The modular cardiac rhythm management (mCRM) system. a Depiction of implanted mCRM system. b Close-up images of EMPOWER and EMBLEM MRI devices (not to scale). S-ICD subcutaneous implantable cardioverter–defibrillator, LCP leadless cardiac pacemaker. © 2017 Boston Scientific Corporation or its affiliates. All rights reserved. Used with permission of Boston Scientific Corporation

Intrabody communication and the modular cardiac rhythm management system

Beginning in the 1990s, researchers became interested in the possibilities of intrabody communication involving implanted devices in various forms and using various communication modalities [15,16,17]. It later became clear that one of the most energy efficient modalities for communication between implanted devices was galvanic coupling, or communication using the conductive properties of the body [18,19,20]. Through galvanic coupling, one implanted device transmits low-energy electrical signals, such as via alternating current, which is detected by two electrodes on the receiving device. The advantages of galvanic coupling over other communication modalities such as radiofrequency (RF) communication include not only lower energy requirements but also lower signal losses in tissue. The disadvantages of galvanic coupling include comparatively lower rates of data transmission and the potential for larger null spaces due to relative physical orientation of device electrodes.

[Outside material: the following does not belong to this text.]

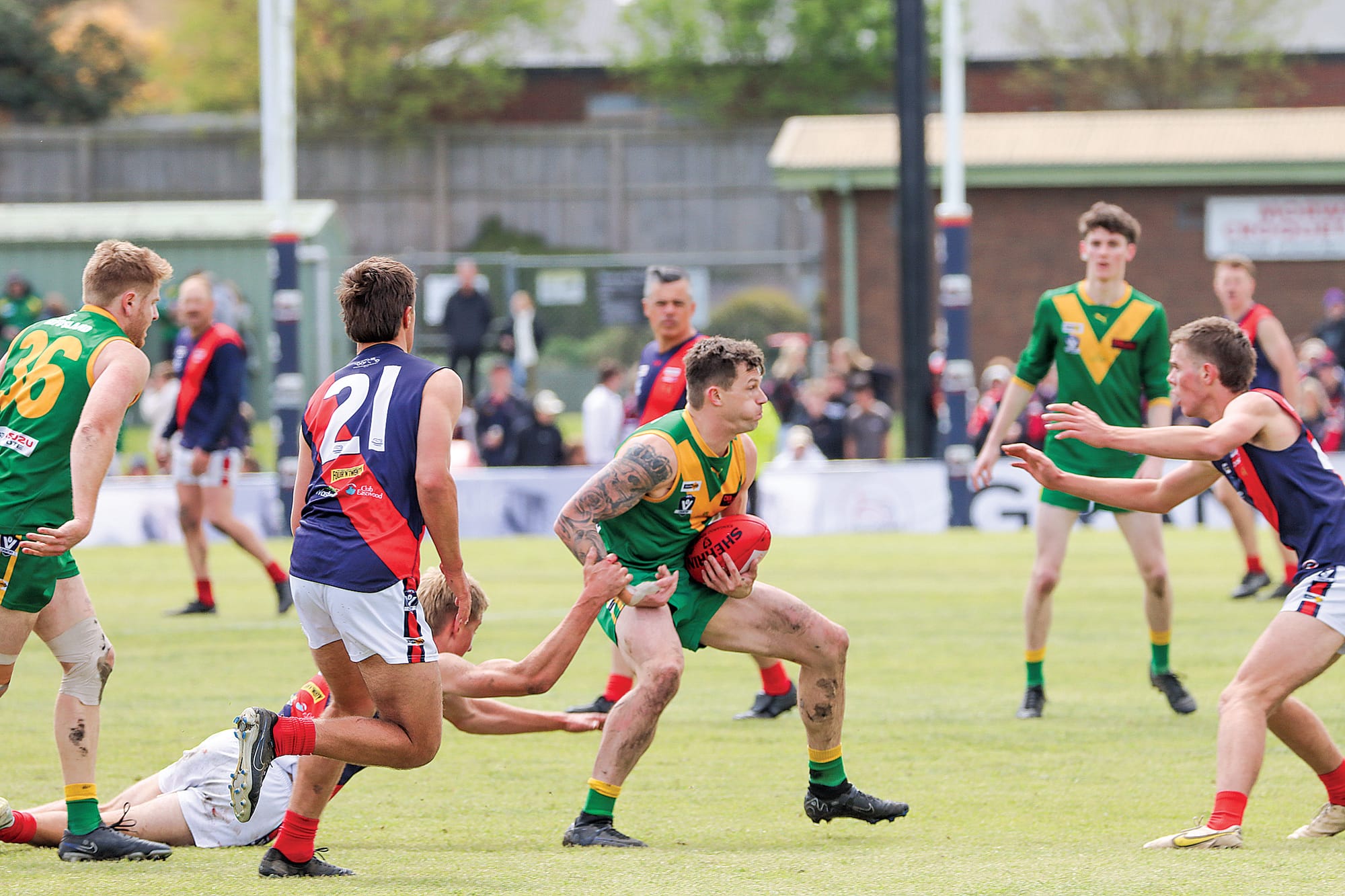 Adam Trotto strives to break free for Leongatha as Bairnsdale players pursue him. A47_3924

Due to the power efficiency and less lossy nature in human tissue, galvanic coupling, or “conducted” communication, was selected as the communication modality to be used for device–device communication in the mCRM system. A secondary design goal was to allow existing implanted S‑ICDs to be upgraded via firmware, with no change to the hardware within the system, to enable the ability to communicate. The advantage of this strategy is to allow access to this new technology, the modular addition of intracardiac therapy, for patients with an EMBLEM platform S‑ICD system without the need to explant and replace the S‑ICD pulse generator. The compromise is to utilize only unidirectional conducted communication from S‑ICD to LCP, which allows access to ATP therapy but limits additional features that could come from this pairing to future generations of S‑ICD pulse generator where bidirectional communication would be possible.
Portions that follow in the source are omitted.